Friday, June 25, 2010

Cause when we kiss... ooooo.... Fire.. *dum dum dum dum*

My room is so messy right now. I haven't bothered to tidy it up since I was too busy having fun after exams. Which made my room, messier than it was during the exam period.

The reason why it is messy as it is, is because I've been preparing my gift for the boy. =) It was a lot of work. The hardest one was cutting out the letter in the post below. And I had to throw in other stuff in, like a cute photo frame, a "little" note which turned into like a 2 page letter. Yes, I get carried away sometimes. Okay, not sometimes, often. And I gave Domo-kun!

I wanted to take a picture of what I was giving him to show you guys, but er, I got carried away and started wrapping with the ribbons and everything. But it's pretty ain't it?


Then when he opened it, i started taking pictures. =D

Domo eating cookies I baked. Yes, I baked cookies for him. =)

Toy Story 3 is awesome! Everyone should watch it because it is awesome. And funny. I like Buzz. Hips moving, very impressive. =) So I'm going to watch it again with my family because they should watch it too! And my dad, being a huge Pixar fan, he's excited to catch it but he has no time, and he's doing him best to make time for Toy Story.

I should clean my room since I'm done with the present. Tomorrow. Maybe. If I don't go out that is. We'll see about that.


Toodles with a messy room, 
Alanna the Banana

Wednesday, June 23, 2010

Just remember, you deserve this

Since I have so much free time, and I needed to give a special someone a personalized box, I decided to challenge myself. I decided to cut something detailed in a small scale.


I was concentrating on decorating the cover of the box. The box is half the size of the Sprite can. So you guys know how small the box I was dealing with. I WILL TAKE UP THE CHALLENGE!

So I printed it out and started tracing it. The paper I used was about 6cm x 6cm. Yeah, it's really small.

These were the most detailed parts, so I did them first.

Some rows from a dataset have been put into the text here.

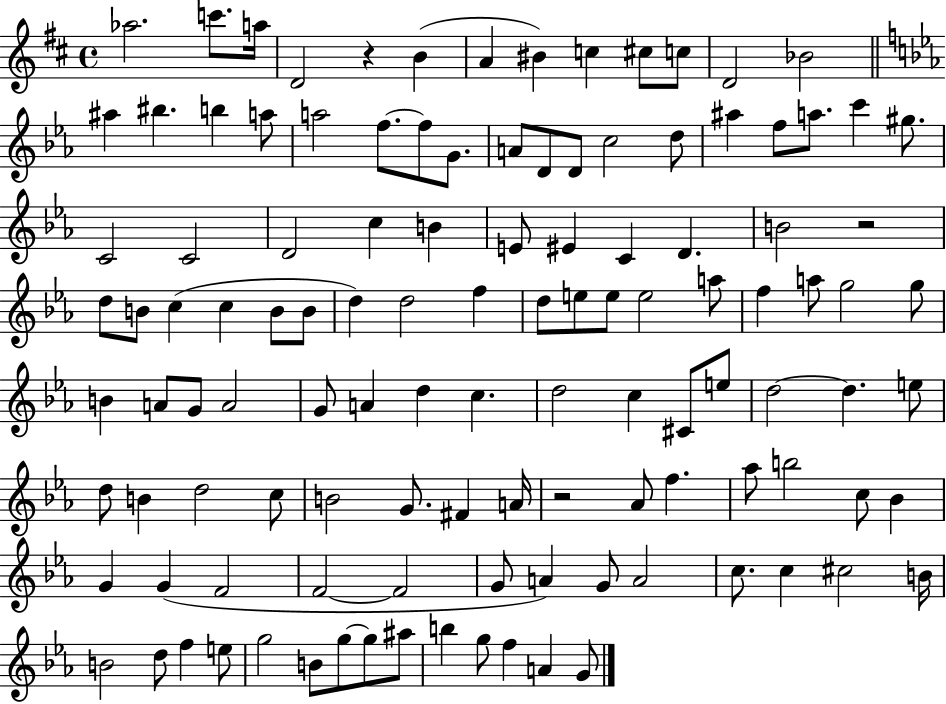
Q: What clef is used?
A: treble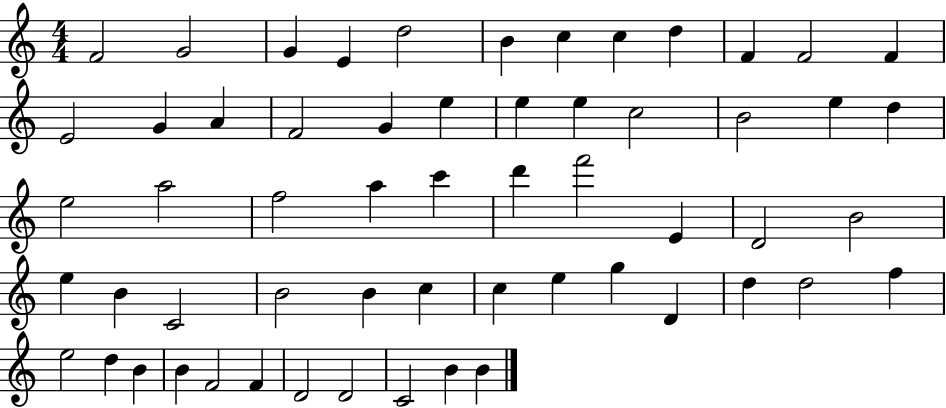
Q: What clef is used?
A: treble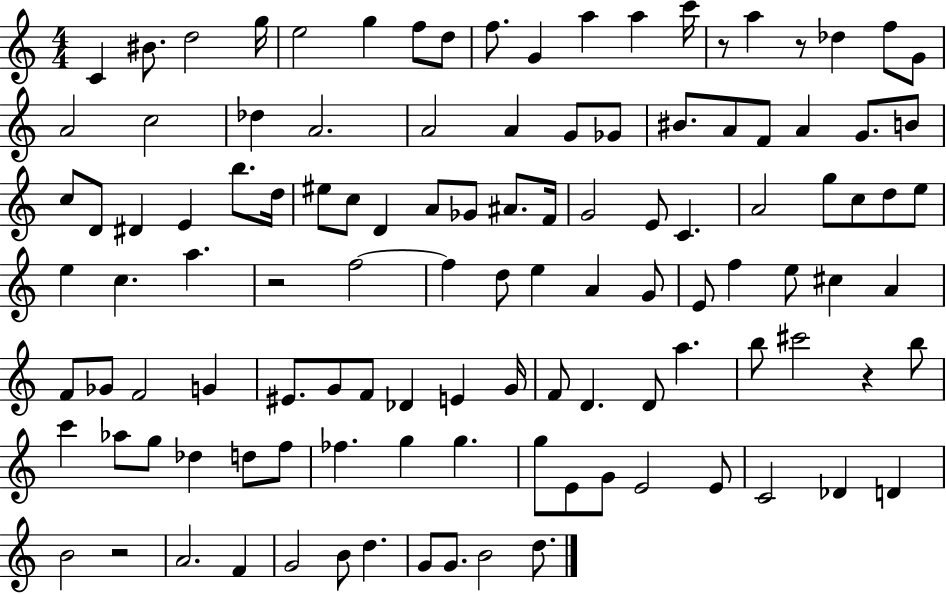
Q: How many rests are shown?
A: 5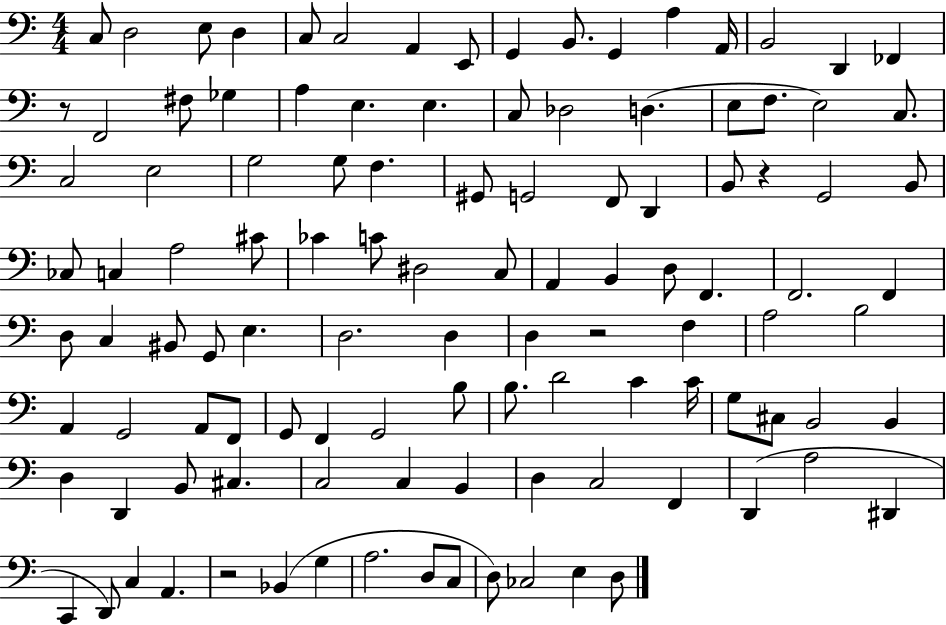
X:1
T:Untitled
M:4/4
L:1/4
K:C
C,/2 D,2 E,/2 D, C,/2 C,2 A,, E,,/2 G,, B,,/2 G,, A, A,,/4 B,,2 D,, _F,, z/2 F,,2 ^F,/2 _G, A, E, E, C,/2 _D,2 D, E,/2 F,/2 E,2 C,/2 C,2 E,2 G,2 G,/2 F, ^G,,/2 G,,2 F,,/2 D,, B,,/2 z G,,2 B,,/2 _C,/2 C, A,2 ^C/2 _C C/2 ^D,2 C,/2 A,, B,, D,/2 F,, F,,2 F,, D,/2 C, ^B,,/2 G,,/2 E, D,2 D, D, z2 F, A,2 B,2 A,, G,,2 A,,/2 F,,/2 G,,/2 F,, G,,2 B,/2 B,/2 D2 C C/4 G,/2 ^C,/2 B,,2 B,, D, D,, B,,/2 ^C, C,2 C, B,, D, C,2 F,, D,, A,2 ^D,, C,, D,,/2 C, A,, z2 _B,, G, A,2 D,/2 C,/2 D,/2 _C,2 E, D,/2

Then I slowly cut out the rest, part by part.

That is half of it. By the time I got here, 2 hours have gone by. Yeah, tiniest thing I've ever cut with so much details. And proud to say, without slicing the other parts. I had to improvise some parts so it could fit the box properly though.

DONE! I stuck over the "J" on the cover using spray mount and put PVC clear sticker over it so that the fragile parts don't get damaged after a while. 

Pretty ain't it? =D


The picture I used to trace. It had to be scaled down 35%. 

That's all I've been doing so far, besides going out and having fun. I'm working on something else already since I'm done with the present. I'll post about the present thingy next time round cause I don't wanna spoil the surprise. If you think that was just the present, you're wrong, because there are other presents for the special someone. =) 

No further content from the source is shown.